Monday, 13 January 2014

Screenwriting advice - Sheldon Turner

Sheldon Turner is the prototype for the smart, brash, ambitious young screenwriter - only he's also got a law degree from NYU and has had his fiction published in The New Yorker

Turner broke through with his script for the remake of The Longest Yard, starring Chris Rock and Adam Sandler. He has since worked on Up In the Air and X-Men: First Class, among others. 

Sheldon has insane discipline, writes longhand, and boycotts email. He figured out how to work the system, and he's got more witty axioms for how to play the Hollywood game than a Tropicana craps dealer at 3:00am. But you'll just have to hear Turner talk to get it.


1 comment:

Unknown said...

Sheldon Turner provides a fountain of quotable quotes.

He is inspired by crappy screenplays. One sold for $3m to Sony and he pasted its 2 worst pages to his walls and wrote, fueled by rage.

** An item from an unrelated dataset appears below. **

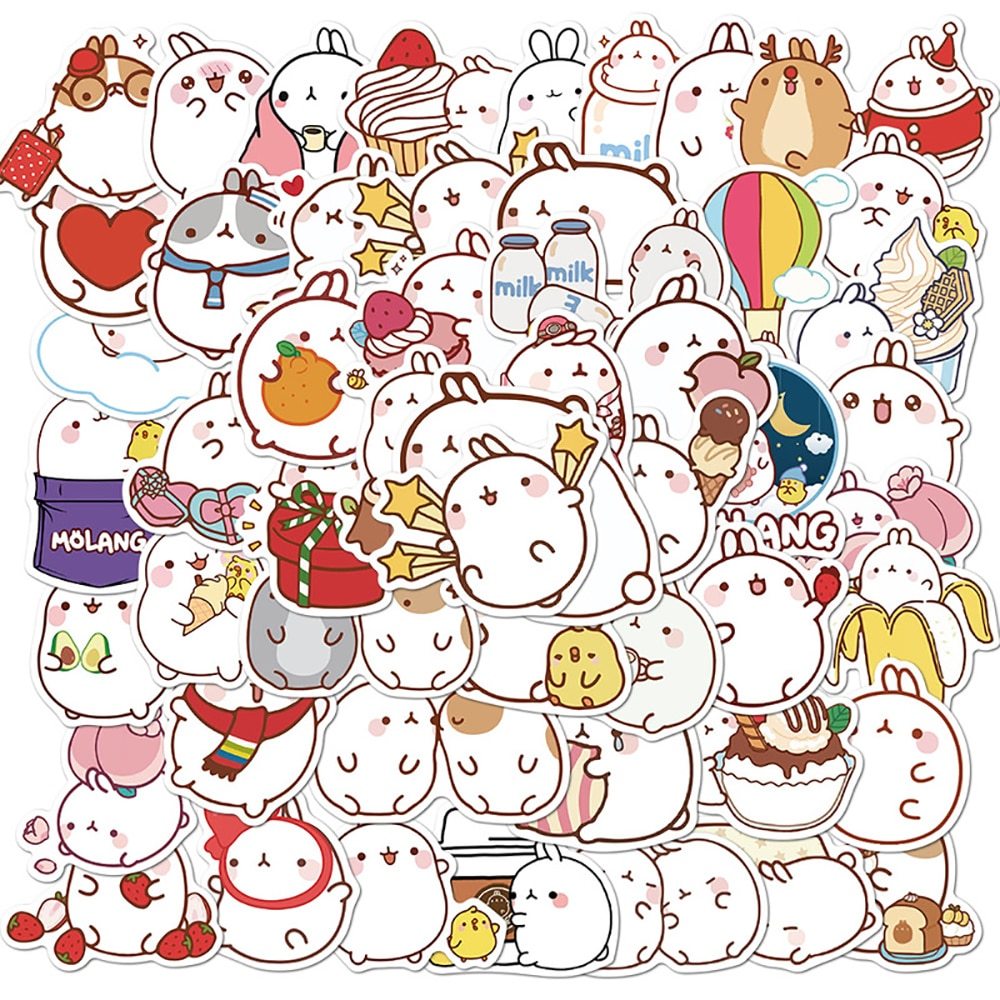 Set 30-80 Sticker Thỏ molang ảnh decal hình dán ép lụa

Sheldon Turner reads 5 newspapers a day, a script a day, and a book a week. He gets up at 3:57 to go an hour's writing before going to the gym, because no one calls him at 4 in the morning. He says he is motivated by guilt and fear.

Inspiration comes in solitude. Turn off the TV and radio. Figure out themes.

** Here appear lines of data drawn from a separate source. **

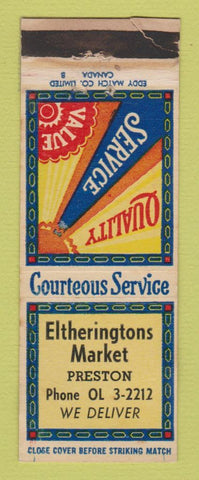 Matchbook Cover - Eltheringtons Market Preston ON WORN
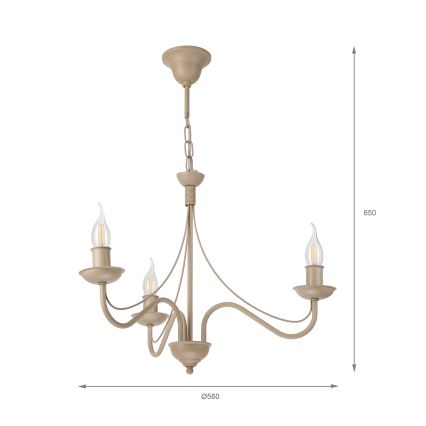 Luster na lancu ANTON 3xE14/60W/230V bež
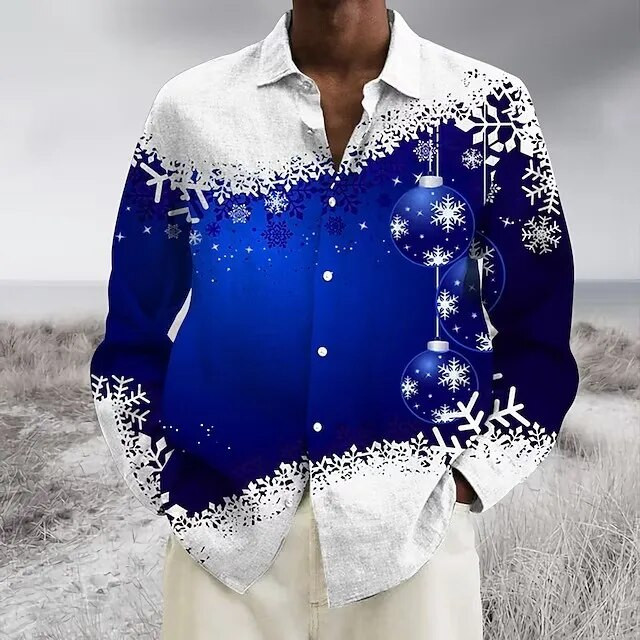Boldog karácsonyt Férfi ing Fesztivál Party Férfi ruhák Alkalmi Harajuku hosszú ujjú ing férfiaknak Streetwear Vintage felső blúz
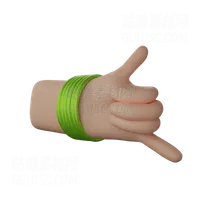 带有手镯的手显示呼唤我的手势 Hand with bangles showing Call me gesture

According to Mr Turner, there are 2 kinds of writer: the mechanical writer and the instinctive writer.

Something can sound good in a pitch but not work well on a page.

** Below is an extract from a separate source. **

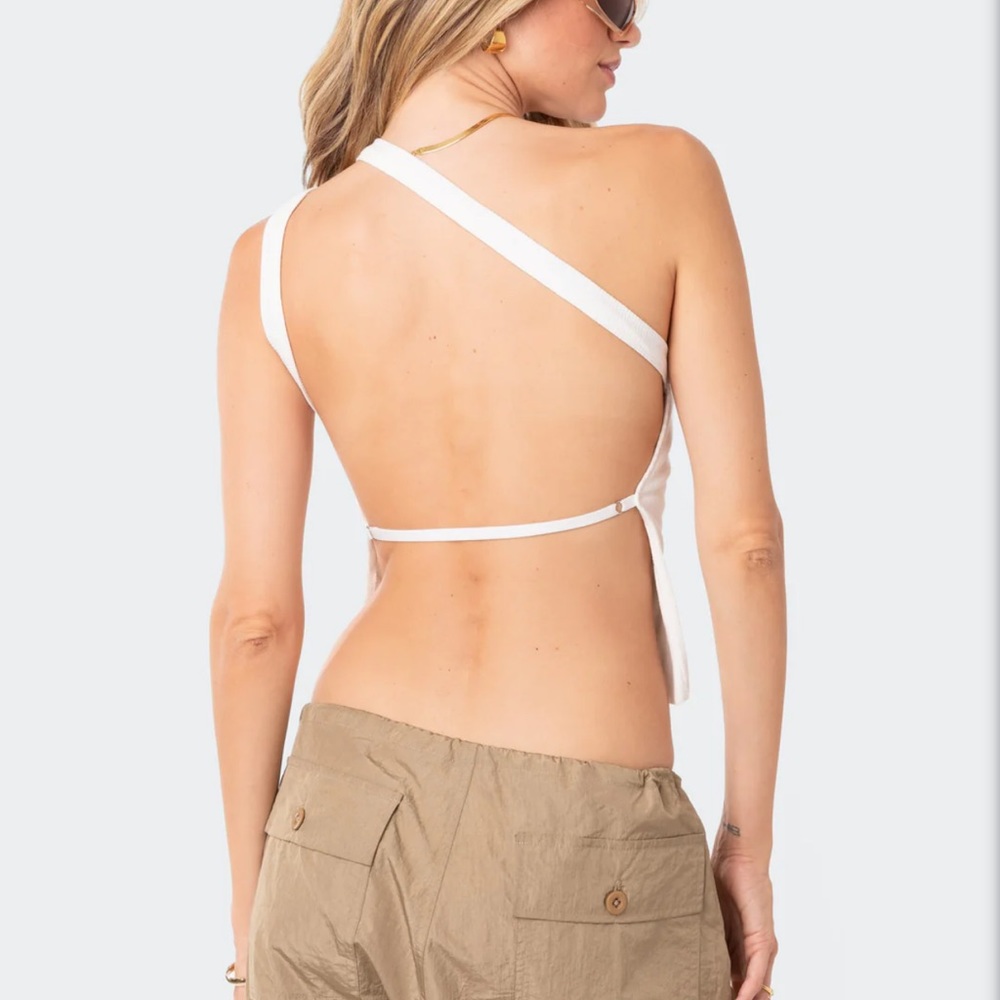 Pull & Bear One Shoulder Cropped Open Back Top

Never go longer than 2 lines of action. Give a breezy, quick read.

When stuck, keep writing. If you slow down, like riding a bike, you fall off.

He says screenwriters should not be in courses learning to do what everyone else does. They should be writing.

Screenwriting is 40% about writing, the rest is differentiating yourself, being good in a room.

I find this advice to be negative and soul-destroying. The only thing I have to admit, though, is that Mr Turner is selling and I am not.